A Checklist Isn’t Enough: The Impact of Implicit Bias on Health Outcomes
It is easy to tick off “completed task” on a list, it gives a feeling of accomplishment. However, not everything is a checklist especially when it comes to health. So why is it that some organizations treat their cultural competency & diversity training as a checklist? As the country’s population becomes more culturally and ethnically diverse, there is a growing need for cultural competency and implicit bias training in the workplace to address health disparities and improve health outcomes. The challenge is to incorporate diversity training in an effort to transform the workplace and improve the working relationships between healthcare professionals and their patients. This webinar will define implicit bias, explore the importance of diversity training and provide tools to build comprehensive diversity training.

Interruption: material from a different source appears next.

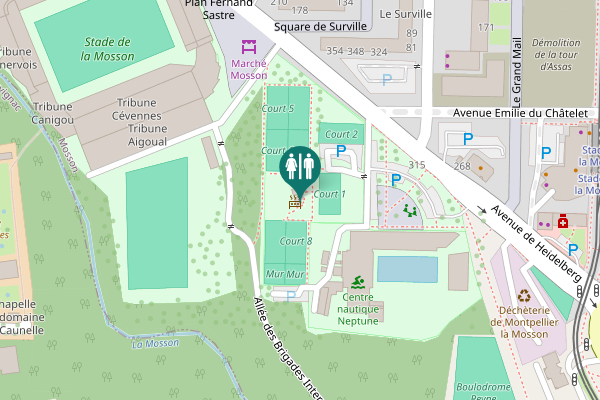 Map showing location of Avenue de Heidelberg 315 Toilet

1. Improve diversity training in the healthcare workforce instead of simply completing a checklist.
2. Provide tools to include cultural humility, cultural competence, implicit bias
3. Understand the relationship between implicit bias and health outcomes in diverse communities
Kendra Wilson, DrPH, MS (Moderator)
Association of Schools and Programs of Public Health Fellow
Centers for Disease Control and Prevention
Kendra Wilson is an Association of Schools and Programs of Public Health Fellow in the Epidemiology Workforce Branch (EWB) in the Center for Surveillance, Epidemiology, and Laboratory Services at the Centers for Disease Control and Prevention (CDC). In this role, she supports evaluation and selection projects of EWB’s fellowship programs including diversity, equity, and inclusion initiatives related to public health workforce development. Before coming to CDC, she served as program coordinator for several training and research grants in the Department of Public Health Sciences at Texas A&M College of Dentistry. Here, she also served as an advisor to the Dental Public Health Residency Program. While working in the Cancer Epidemiology and Surveillance Branch of the Texas Department of State Health Services, Kendra served in the role of public health and prevention specialist. Prior to her public health career, she taught general college biology, nutrition and diet therapy, and middle school science. She received her doctorate degree in public health practice from the University of North Texas Health Science Center and holds a Master of Science degree from Tulane University and a Bachelor of Science degree from the Xavier University of Louisiana.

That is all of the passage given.